Time-varying media, relativity, and the arrow of time

TL;DR

This paper explores how time-varying wave mechanics influence relativistic properties, energy conservation, and the arrow of time, revealing new insights into wave behavior and electromagnetic momentum in media.

Contribution

It introduces a modified wave equation for accelerating waves, clarifies the Abraham-Minkowski controversy, and links wave acceleration to the arrow of time.

Findings

Accelerating waves exhibit relativistic properties with a constant reference speed.

The accelerating wave equation admits only forward-in-time solutions.

Electromagnetic wave momentum is conserved across media, resolving the Abraham-Minkowski controversy.

Abstract

We study the implications of time-varying wave mechanics, and show how the standard wave equation is modified if the speed of a wave is not constant in time. In particular, waves which experience longitudinal acceleration are shown to have clear relativistic properties when a constant reference speed exists. Moreover, the accelerating wave equation admits only solutions propagating forward in time, which are continuous across material interfaces.
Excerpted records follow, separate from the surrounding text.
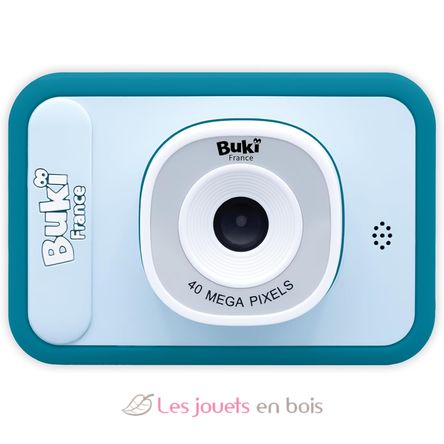 Buki CamJunior - Appareil photo vidéo enfant BUK-PV011 Buki France 4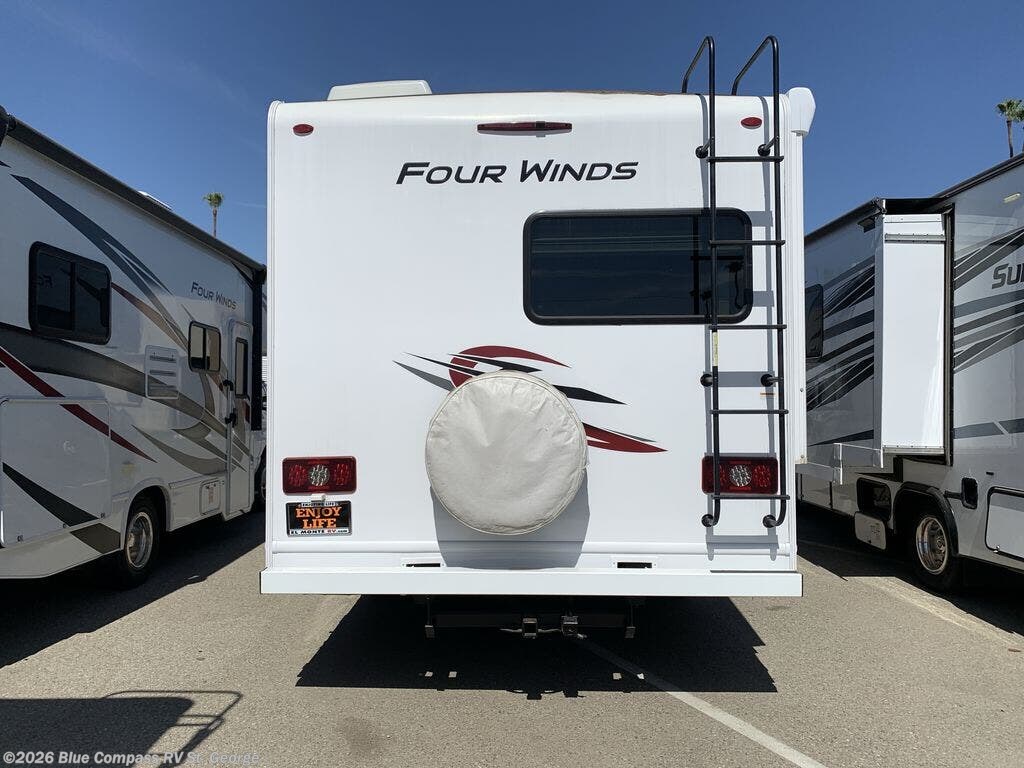 2024 Four Winds 22E by Thor Motor Coach from Blue Compass RV St. George in Hurricane, Utah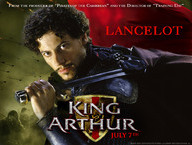 King Arthur - Lancelot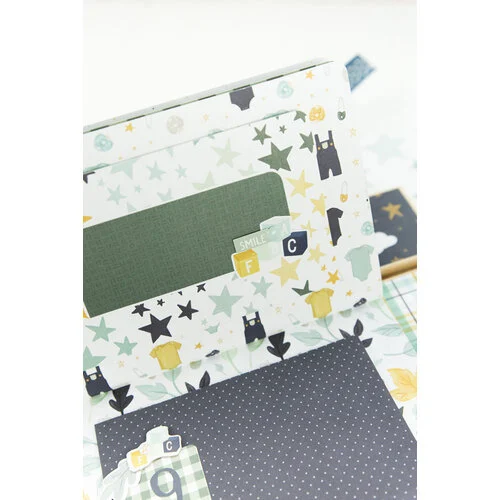 Echo Park - It's A Boy Collection - 12 x 12 Collection Kit 3 Echo Park - It's A Boy Collection - 12 x 12 Collection Kit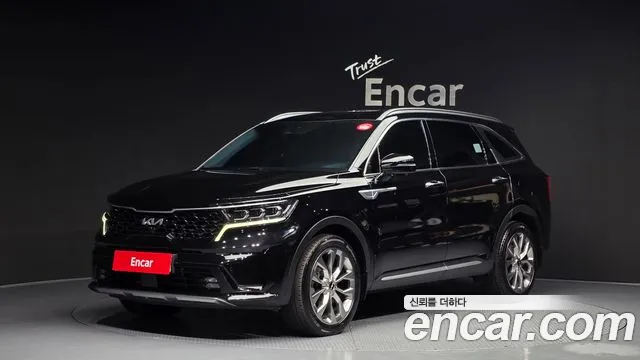 Kia Sorento 4 Gasoline 2.5T 4WD Noblesse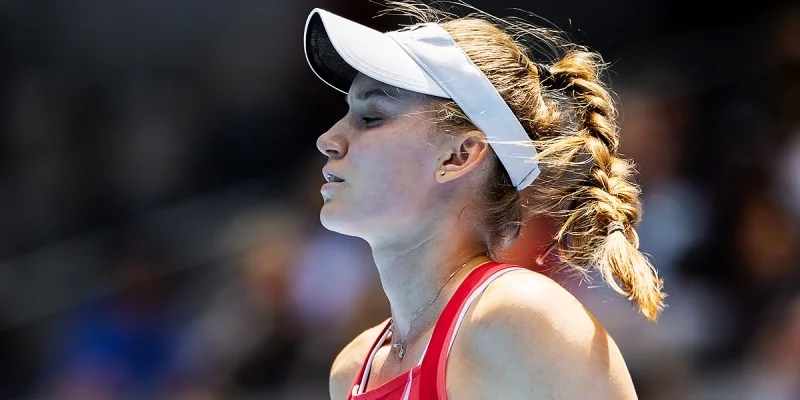 Elena Rybakina - Dayana Yastremska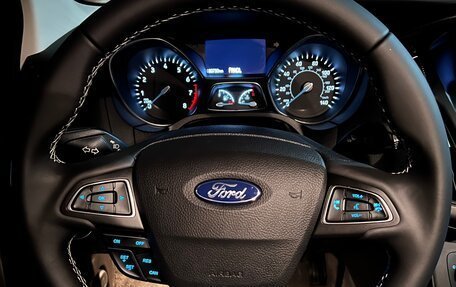 Ford Focus III, 2017 год, 1 400 000 рублей, 6 фотография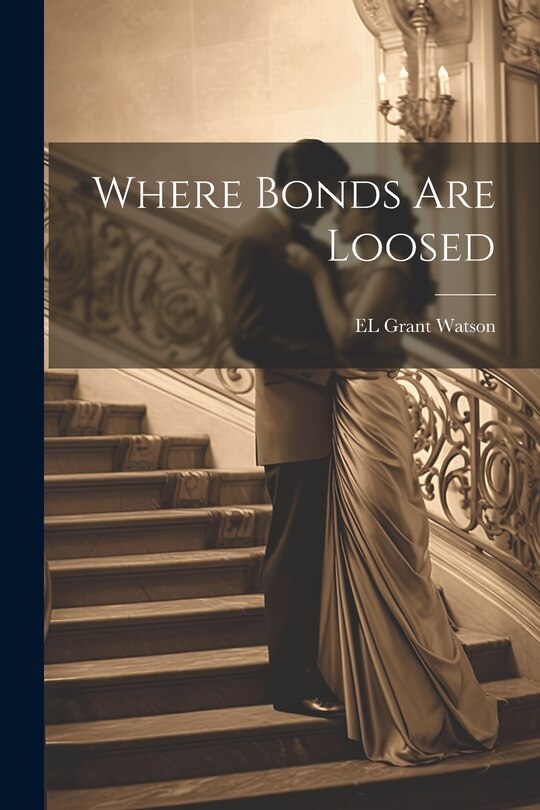 Couverture_Where Bonds are Loosed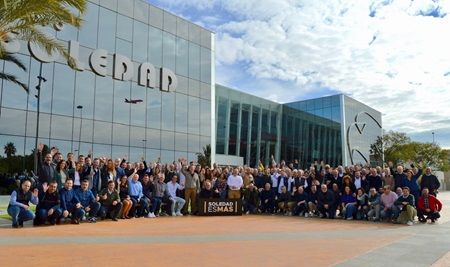 Convención Anual de Grupo Soledad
We then consider the special case of electromagnetic waves, finding that the Abraham-Minkowski controversy is caused by relativistic effects, and the momentum of light is in fact conserved between different media. Furthermore, we show that the accelerating waves conserve energy when the wave is moving along a geodesic and demonstrate two example solutions. We conclude with some remarks on the role of the accelerating wave equation in the context of the arrow of time.